Deputy President Rigathi Gachagua and Cabinet Secretary Moses Kuria have once again reignited their war, firing salvos at each other.
Fireworks as DP Gachagua, Moses Kuria face off again amid unease in Kenya Kwanza
After striking a reconciliatory tone that lasted for a few hours, Deputy President Rigathi Gachagua and Trade CS Moses Kuria are back at it firing salvos at each other
Kuria fired the first salvo in Siaya when he responded to Gachagua’s claims that Kenya is a shareholder company in which the interests of shareholders must be served first before thinking of others.
“We want to create 47 mini-economies that work together for our country. For me, all parts of Kenya are useful. By the mere fact that the products that you have that can contribute to our jobs, to our foreign exchange, to our national GDP, everybody in this country is a shareholder,” said Kuria.
According to Gachagua, only those who supported Kenya Kwanza in the elections are the true shareholders in the government and are given front-row seats when plum jobs and developments are rolled out.

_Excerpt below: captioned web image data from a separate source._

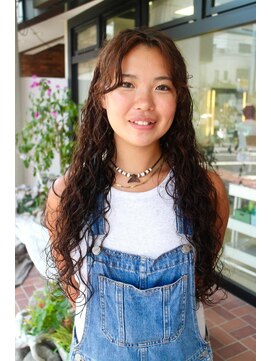 スタイル 茅ケ崎(STYLE) 【MIKU】日焼けと相性がいいカーリーパーマ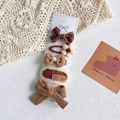 Detalle del set de 5 pinzas para el cabello en marrón y beige con lazos y flores - 1# Flor de Peluche/Clip BB de Punto con Borde Blanco (Juego de 5)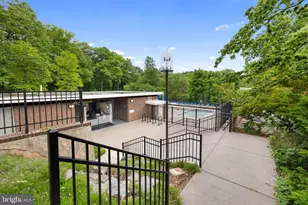 11172 Forest Edge Dr, Reston, VA 20190 - Photo 36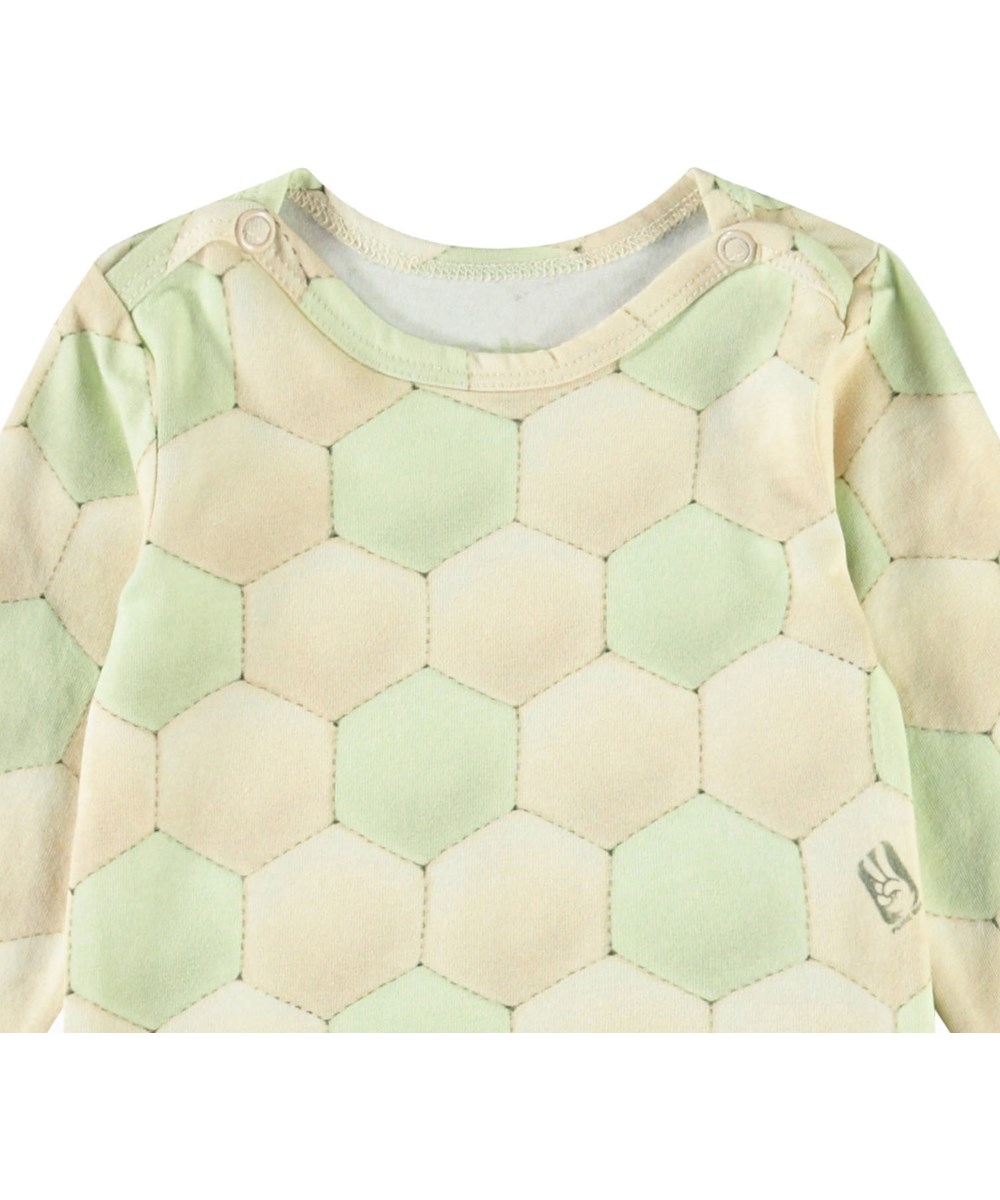 Foss - Football Misty - Langärmeliger Body aus Öko-Baumwolle für Babys mit einem Fußball-Print in hellen Farbtönen.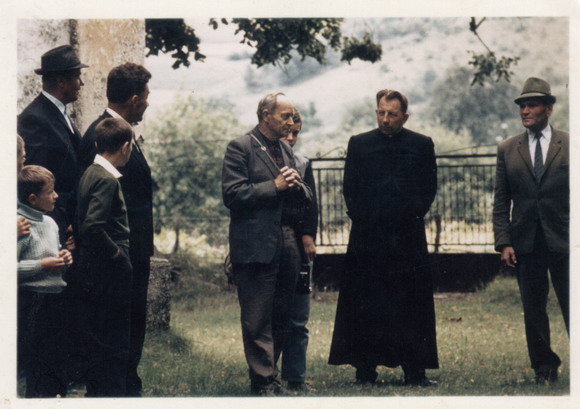 9.5.1968. O. Piruch na cintoríne s hosťmi z Nemecka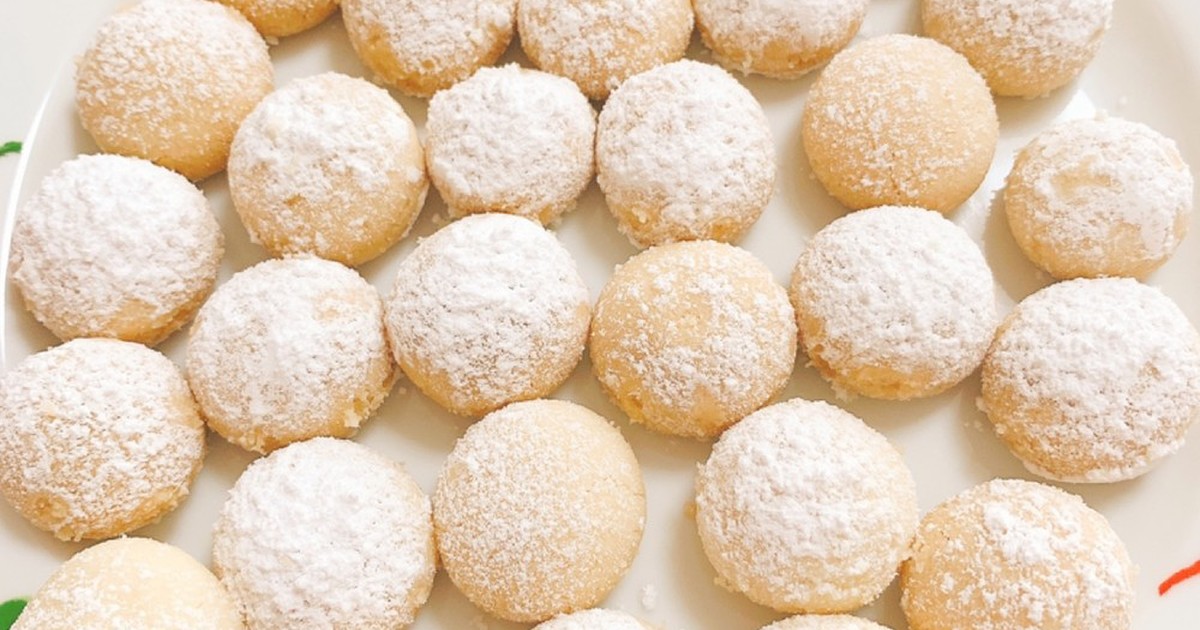 さくほろ 濃厚 スノーボール 大量生産 レシピ 作り方 By Cookieʚ ɞ クックパッド 簡単おいしいみんなのレシピが360万品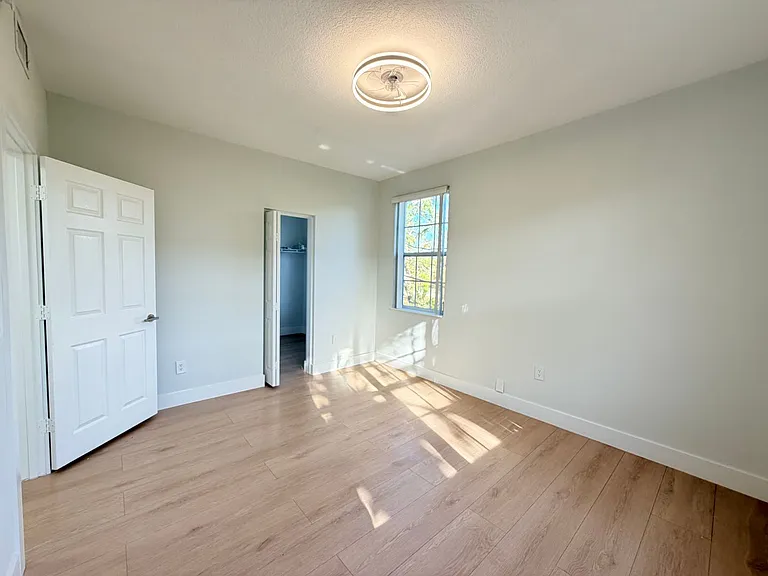 Valencia Apartments — Photo 17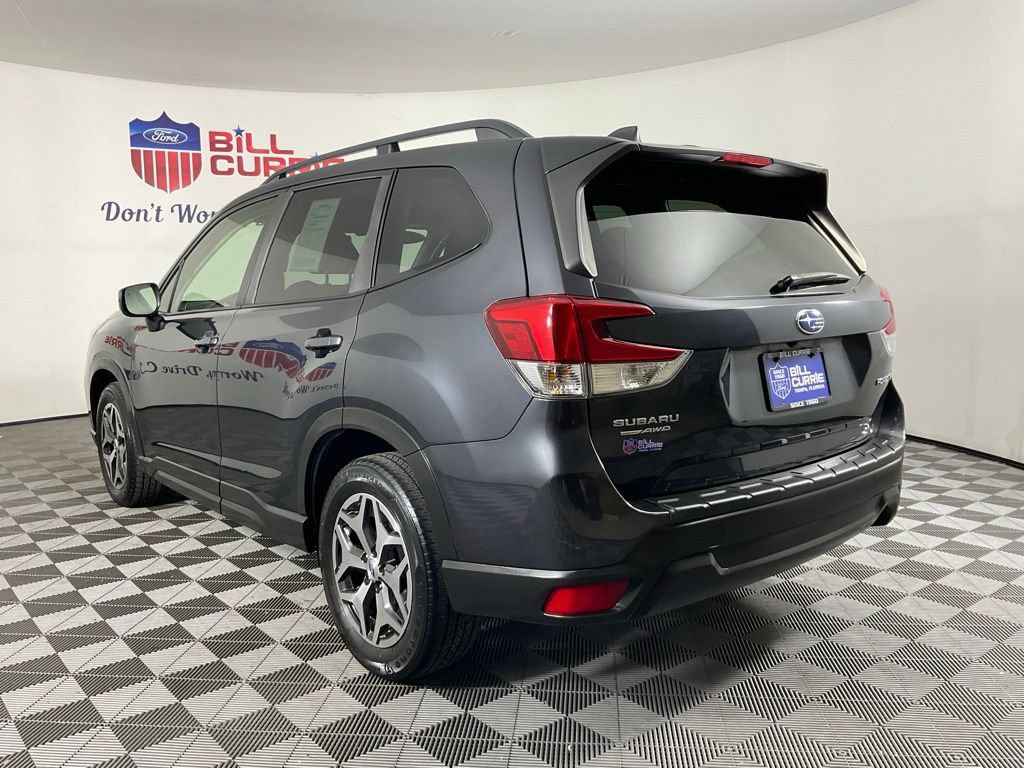 Used 2019 Subaru Forester Premium AWD/4WD image 5
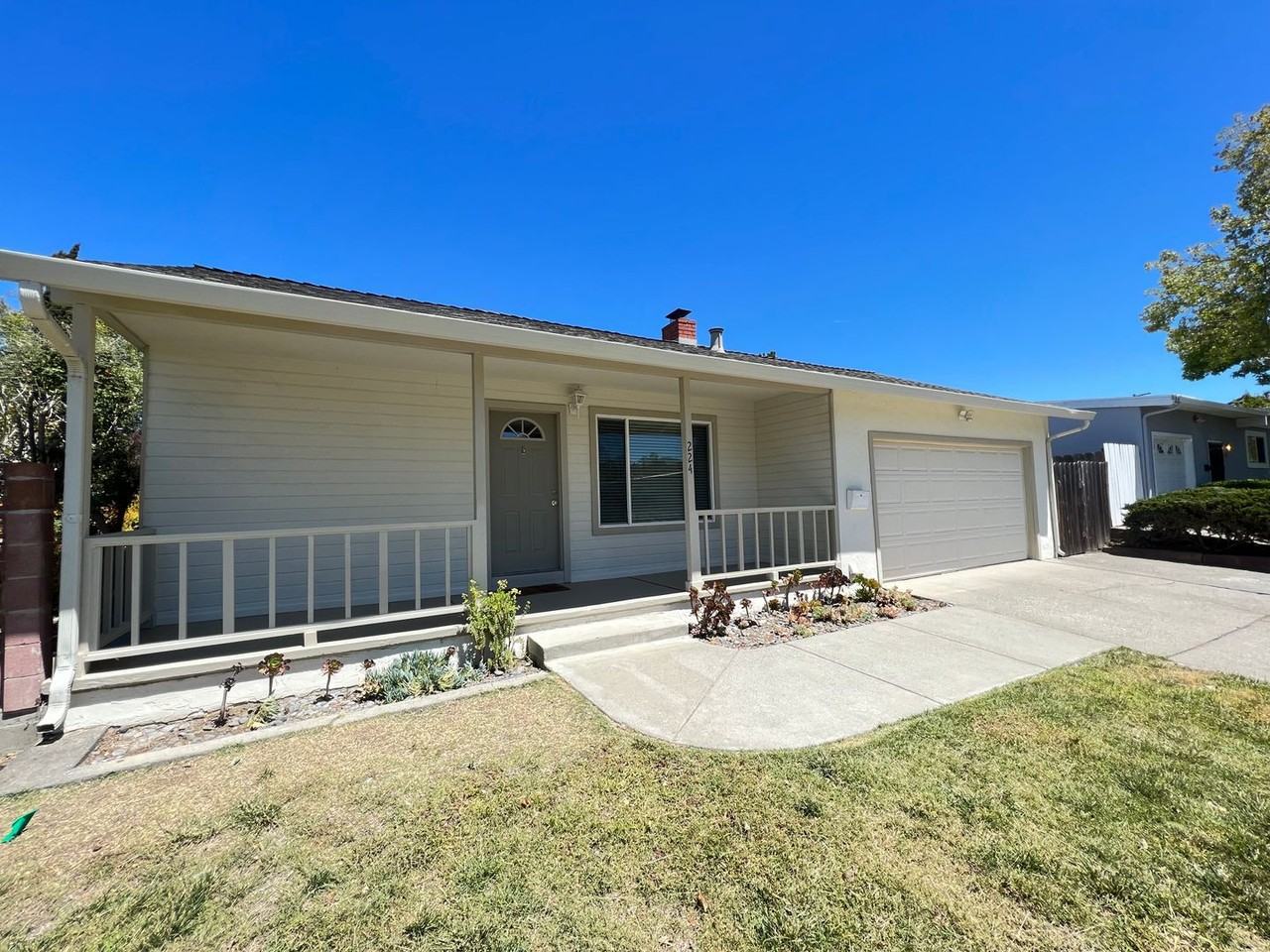 224 Grapewood St - Photo 5 of 50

The salvo appears to have hit the right target with Deputy President firing back and maintaining that he is unapologetic over the remarks which caused a stir across the political divide.
Speaking during the burial of Teresia Mwangi, mother of Vice Chief of Defence Forces Lt Gen Johan Mwangi on Saturday, September 23, Gachagua maintained that he is not apologetic for the utterances that Kenya is a shareholding company.
Gachagua remains unapologetic
He maintained that in as much as the statement may have unsettled some, those who laboured must first be rewarded with their harvest before others.
“You can’t plant maize and expect to harvest beans. Even at the family level, a mother does not feed her neighbour’s children before her own are fed. I have been accused of being rude and condemned for this fact as it is, but I am not apologetic” Gachagua noted.
Drifting away from the reconciliatory tone he struck earlier in the week when he defended Kuria from the pressure to have the president sack him, Gachagua revisited early statements by Moses Kuria and other leaders on the prices of fuel.
“The clergy gives us hope every Sunday. I urge leaders issuing statements of hopelessness to Kenyans to give them hope like the clergy do. The cost of fuel is an international crisis. Let’s stop hypocrisy and tell Kenyans the truth,” Gachagua stated.
The duo have been bickering, firing salvos at each other amid reports that not all is well in Kenya Kwanza.